Metadata-Version: 2.1
Name: ai_address_lib
Version: 0.3
Summary: Library for address model predictions
Author: Vova
Author-email: vova.safoschin@gmail.com
Classifier: Programming Language :: Python :: 3
Classifier: License :: OSI Approved :: MIT License
Classifier: Operating System :: OS Independent
Requires-Python: >=3.10
Description-Content-Type: text/markdown
License-File: LICENCE
Requires-Dist: tensorflow>=2.16.1
Requires-Dist: transformers>=4.44.2
Requires-Dist: numpy>=1.26.4
Requires-Dist: h5py>=3.11.0
Requires-Dist: scipy>=1.14.1
Requires-Dist: sentencepiece
Requires-Dist: scikit-learn
Requires-Dist: tqdm
Requires-Dist: pandas

# Custom ALBERT Text Classification with Keras

This project provides a custom implementation of text classification using ALBERT, LSTM, and custom Keras layers.

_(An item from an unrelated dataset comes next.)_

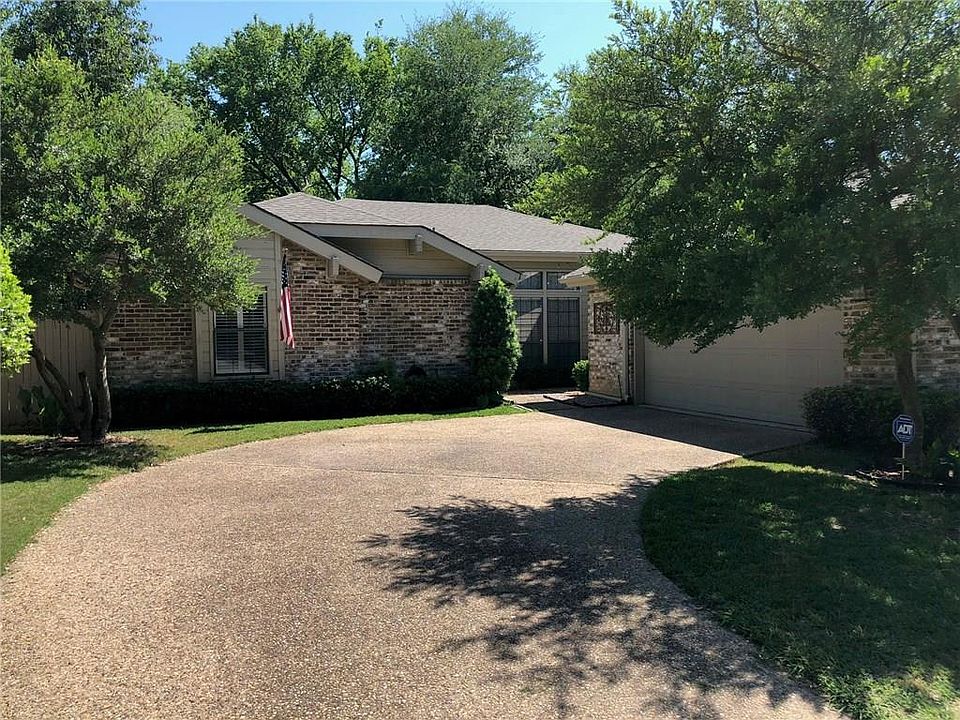 1st image of 9026 Stone Creek Pl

It includes model loading, tokenization, predictions, and custom layers for handling class names and ALBERT embeddings.

## Files Overview

### `model_loader.py`
This module is responsible for loading a pre-trained Keras model with custom objects.

#### Functions:
- `load_custom_model(model_path)`: Loads the model with custom layers `ClassNamesLayer` and `BertLayer`.

### `tokenizer_utils.py`
This module provides utilities for loading a pre-trained ALBERT tokenizer and tokenizing input texts.

#### Functions:
- `load_tokenizer()`: Loads the ALBERT tokenizer (`albert-base-v2`).
- `tokenize_texts(texts, tokenizer, max_len)`: Tokenizes input texts and returns token IDs and attention masks.

### `predictions.py`
This module handles model predictions and formatting the output. It provides utilities to make predictions and process them for output.

#### Functions:
- `get_classes_from_model(model)`: Retrieves class names from the `ClassNamesLayer`.
- `make_predictions(model, tokenizer, texts, max_len)`: Tokenizes the input texts and generates predictions from the model.
- `process_predictions(text, predictions, tokenizer, classes, write_func)`: Processes the predictions and writes the formatted output using the specified write function.
- `write_current_word(classes, write_func, pred_values, idx, current_word)`: Writes the predicted class for the current word to the output.
- `write_predictions_to_file(file, text, predictions, tokenizer, classes)`: Writes predictions to a file.
- `print_predictions(text, predictions, tokenizer, classes)`: Prints predictions to the console.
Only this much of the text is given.